— WHAT THE EXERCISE ASKS —
The records below are to be restated word for word; their pictures are not.

— RECORDS TO USE —
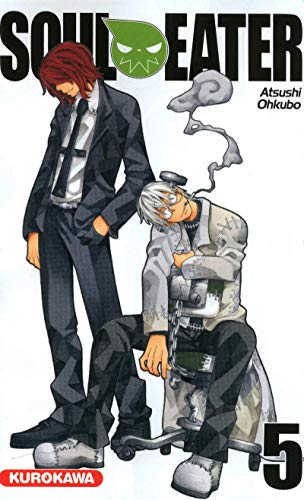 Soul Eater - tome 5 (5)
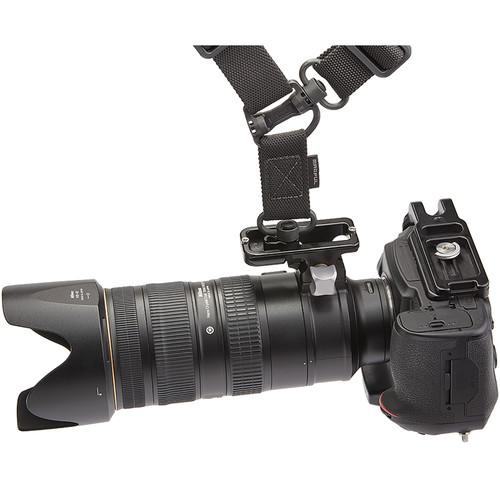 Really Right Stuff LCF-10 Foot for Nikon AF-S 70-200mm f 2.8 VR & VR II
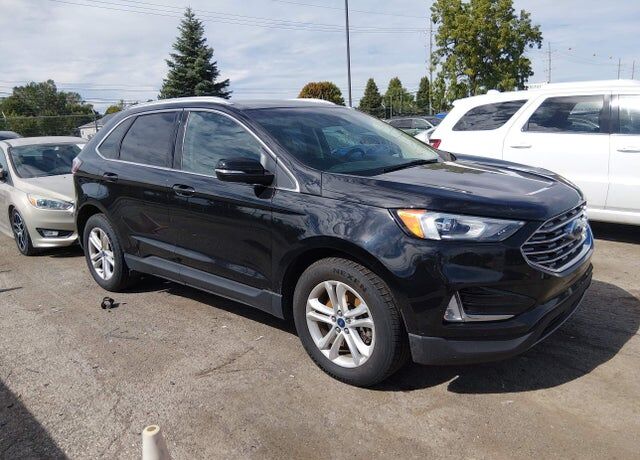 2019 FORD Edge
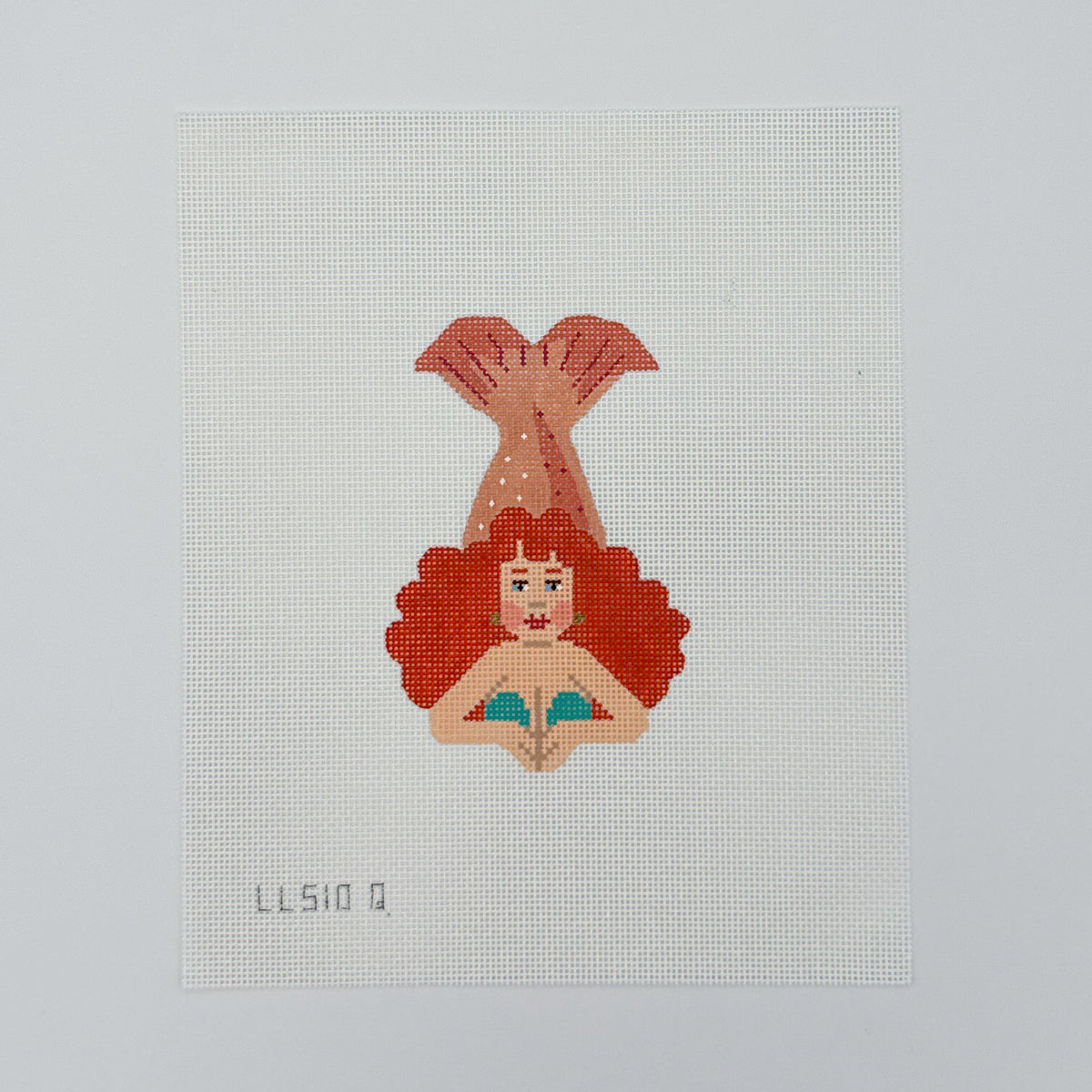 Peach Mini Mermaid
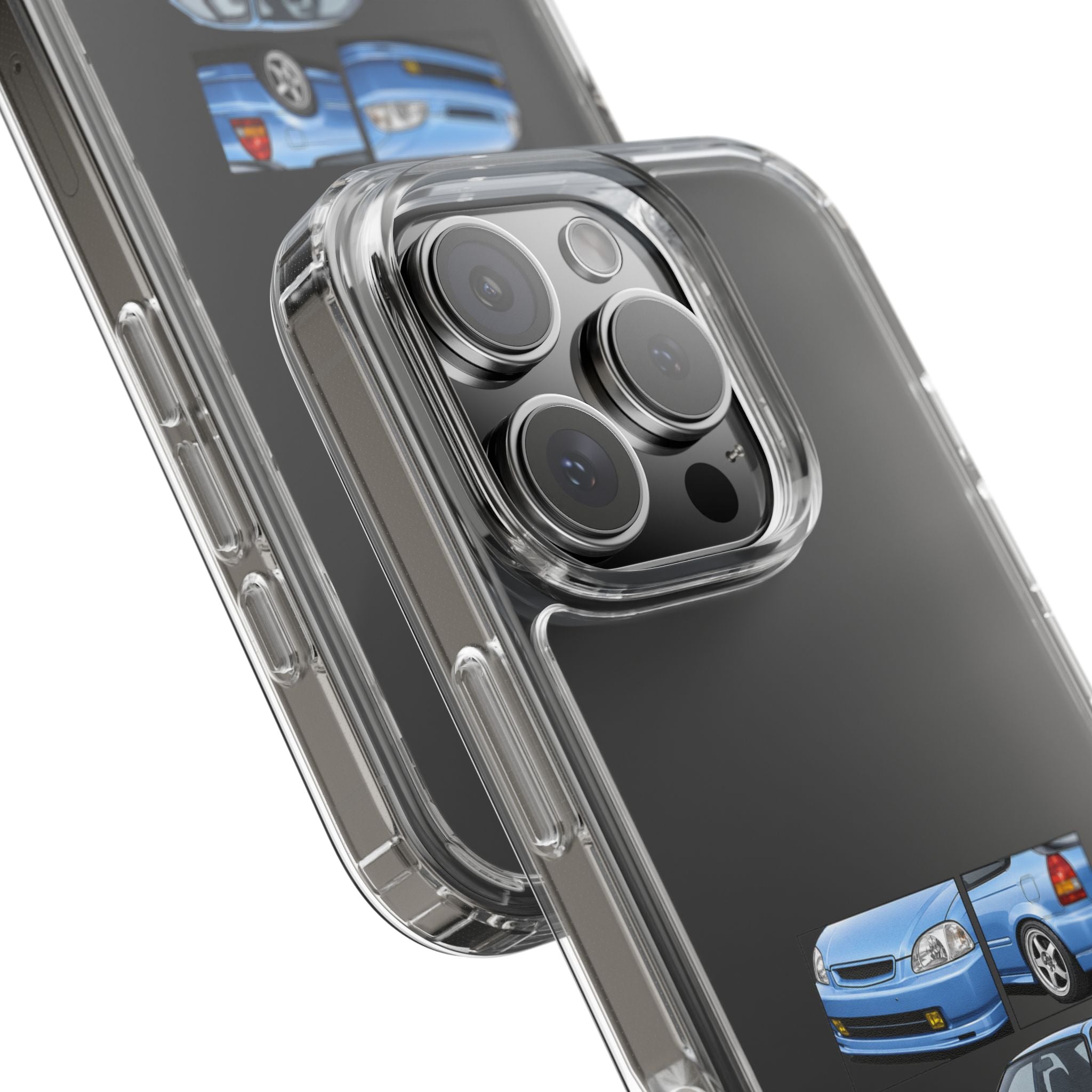 BLUE CIVIC EK PHONE CASES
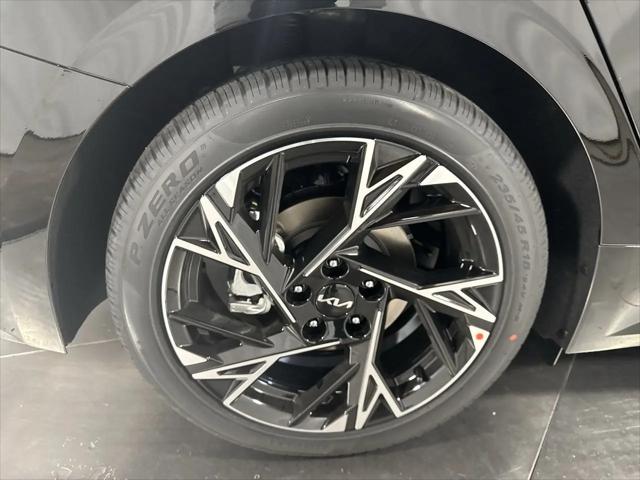 2026 Kia K5 GT-Line AWD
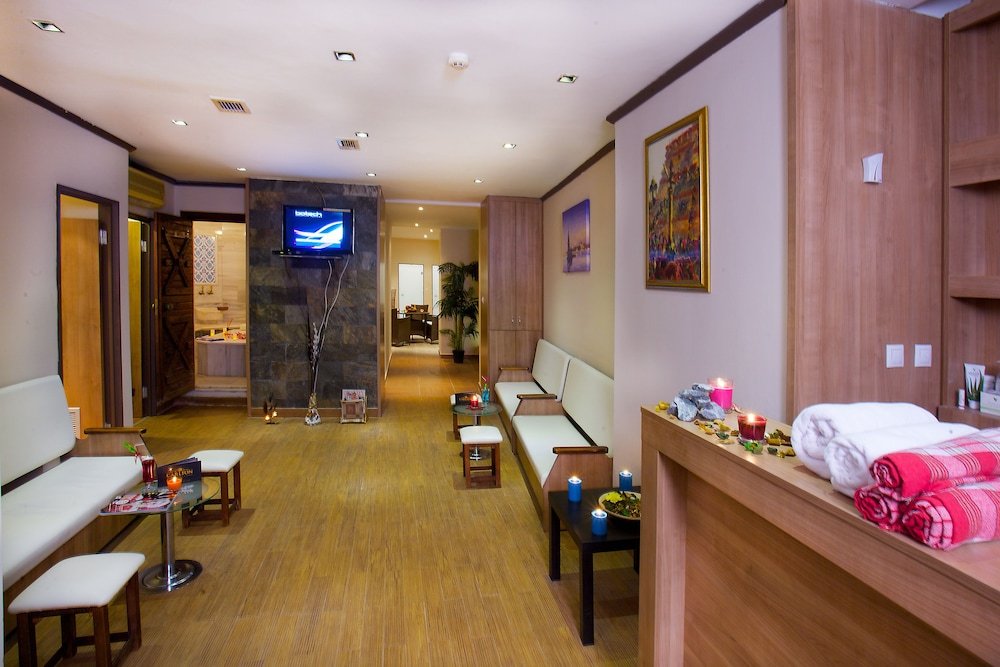 Carlton Hotel Istanbul foto 19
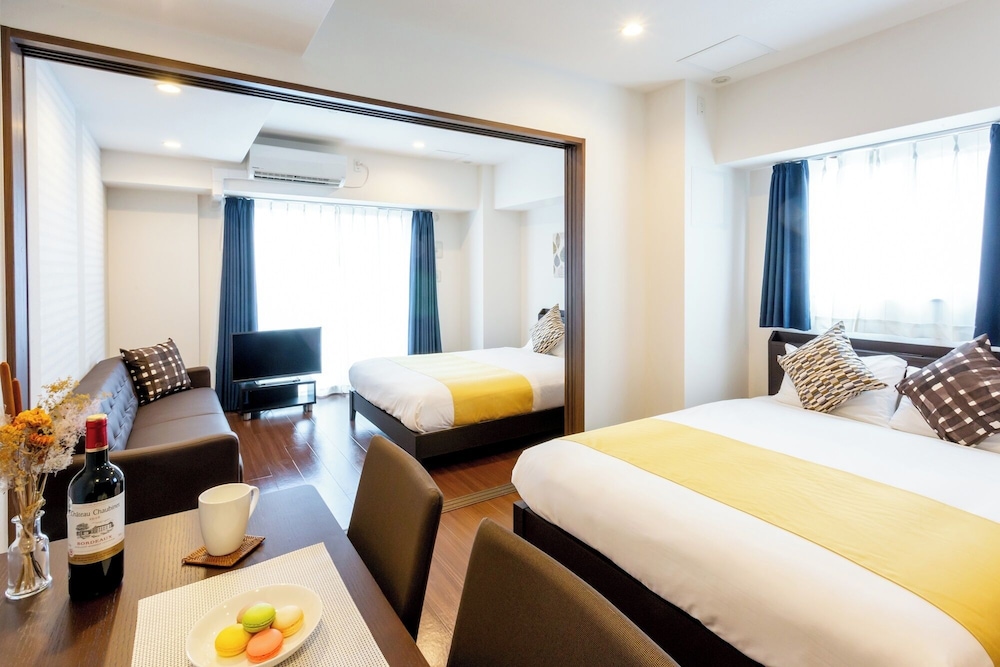 Bon Condo Namba Nipponbashi 20/50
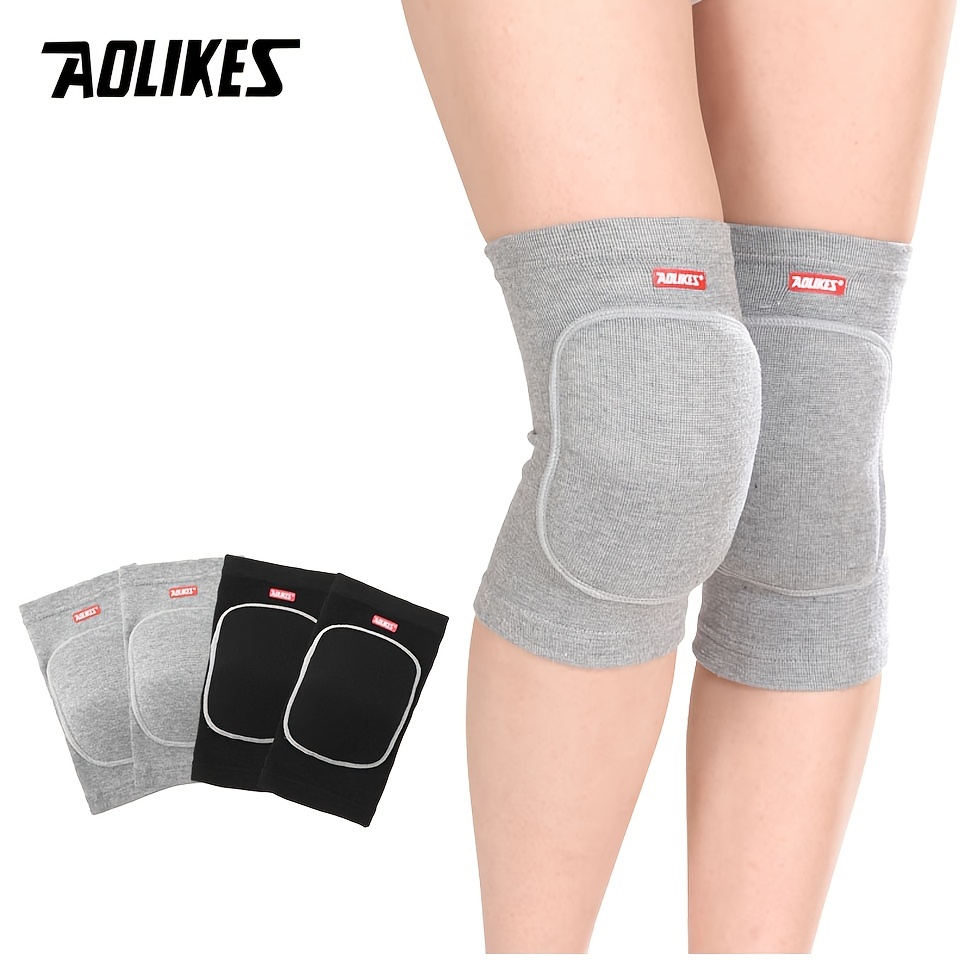 Volleyball Knee Pads: Get Protected Enjoy Sports Aolikes - Temu Canada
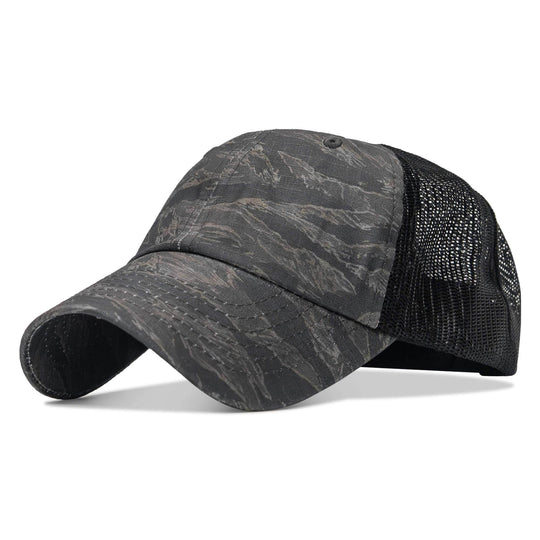 Ripstop Mesh Snapback Hat [no patch] - One Revolver Surfboards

— WRITTEN ANSWER —
 Soul Eater - tome 5 (5)
 Really Right Stuff LCF-10 Foot for Nikon AF-S 70-200mm f 2.8 VR & VR II
 2019 FORD Edge
 Peach Mini Mermaid
 BLUE CIVIC EK PHONE CASES
 2026 Kia K5 GT-Line AWD
 Carlton Hotel Istanbul foto 19
 Bon Condo Namba Nipponbashi 20/50
 Volleyball Knee Pads: Get Protected Enjoy Sports Aolikes - Temu Canada
 Ripstop Mesh Snapback Hat [no patch] - One Revolver Surfboards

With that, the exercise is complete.